Thomas hadn’t said a word beyond a simple good-morning. He had come to the Riviera just to visit her, he’d told Annette with his wry smile, knowing she wouldn’t believe him. As always, he had a loftier purpose in mind: to convince her Vietnamese caretaker, a mandarin scholar respected both abroad and in his own country, to return home. Thomas would go on and on about how Saigon needed credible centrist leaders and how Quang Tai could help save his country from disaster, and Annette would pretend a suitable neutrality, despite the prospect of losing her caretaker. She was only sparing herself one of Thomas’s notorious lectures on not being shortsighted and selfish; she suspected he already knew she didn’t want the bother of having to replace Quang Tai.
She sighed, frantically mincing one half of the onion. Her eyes had begun to tear, and if she didn’t slow down and be careful, she’d likely chop off the end of a finger. Thomas wouldn’t keep quiet for long. It wasn’t a Blackburn trait.
The newspaper rustled as he turned a page, and she heard him take a small sip of coffee.

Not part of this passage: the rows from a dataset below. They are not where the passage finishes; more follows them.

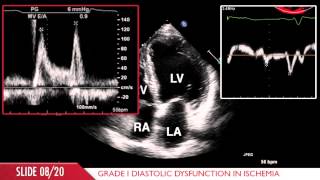 Acute Myocardial Infarction [upl. by Ibbison]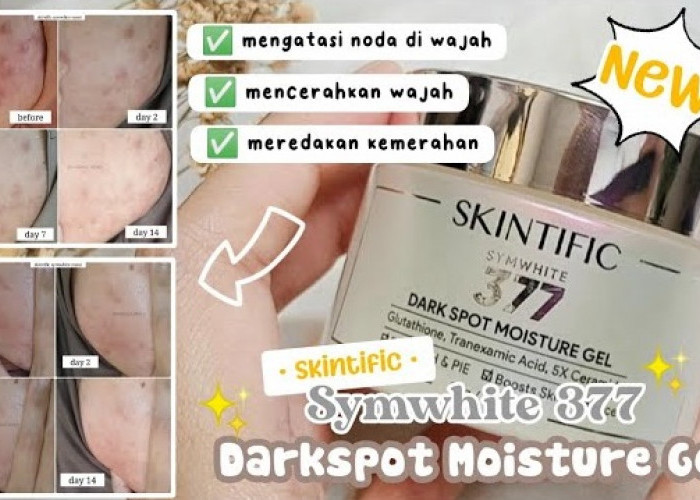 Review Moisturizer Skintific untuk Menghilangkan Dark Spot Symwhite 377, Benarkah Ampuh?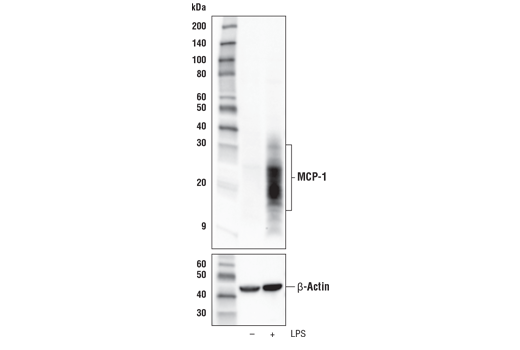  Image 8: Mouse Reactive Senescence Associated Secretory Phenotype (SASP) Antibody Sampler Kit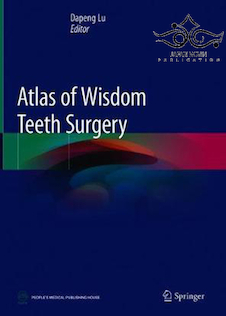عکس Atlas of Wisdom Teeth Surgery2019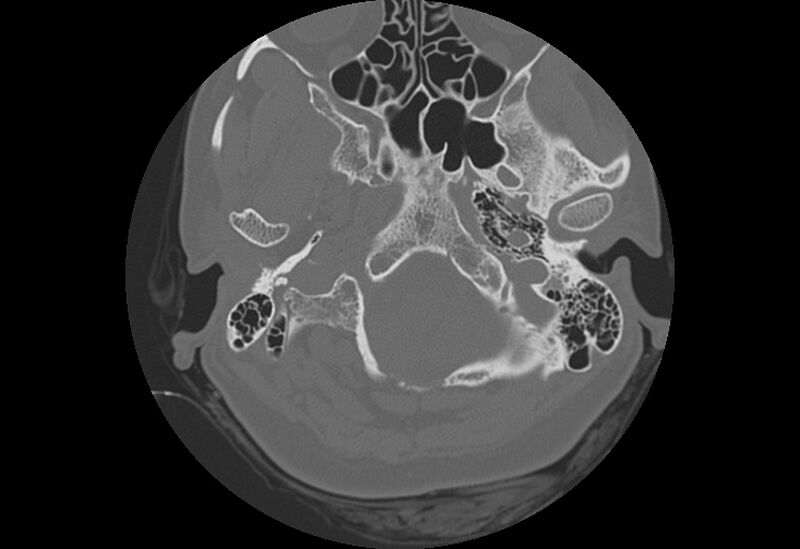 File:Bilateral otospongiosis (Radiopaedia 35447-36940 Axial bone window 8).jpg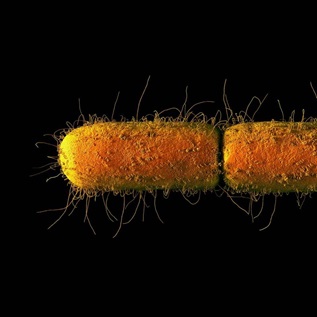 Computer illustration of an orange e.coli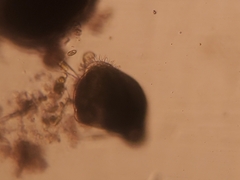 Stentor amethystinus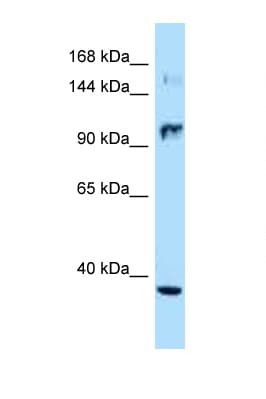 NOS2 / iNOS Antibody (aa32-81)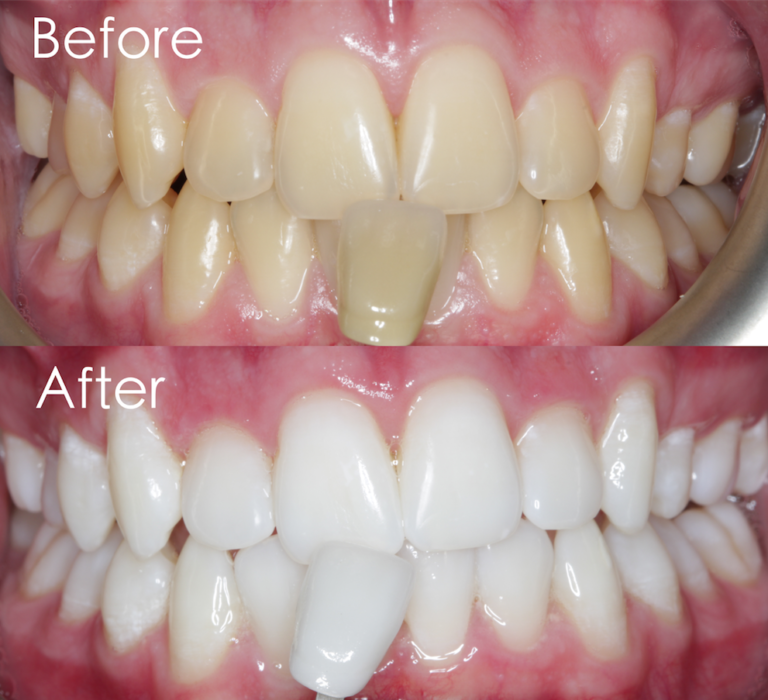Laser Teeth Whitening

“All right, Thomas, you win,” she said, whirling around with her paring knife. “What do you want to tell me that you’re trying so hard not to tell me? You might as well spit it out, because you know you’ll get around to it sooner or later.”
Looking slightly miffed at her sharp-sighted observation, Thomas folded the newspaper and laid it on the table. Like all Blackburns, he was a man of impeccable moral and intellectual respectability-the kind of highbrow Bostonian that Annette usually found boring and irritating. For two centuries, the Blackburns had been outspoken patriots, historians, poets, reformers, public servants and eccentrics, if not the best moneymakers. Eliza Blackburn-the patron saint of the family-was one of Boston ’s favorite Revolutionary War heroines. Her portrait, painted by Gilbert Stuart, hung in the Massachusetts State House; in it she wore the cameo brooch that George Washington himself had presented to her, in gratitude for her efforts at smuggling weapons, ammunition and information from British-occupied Boston to the patriot forces in outlying areas.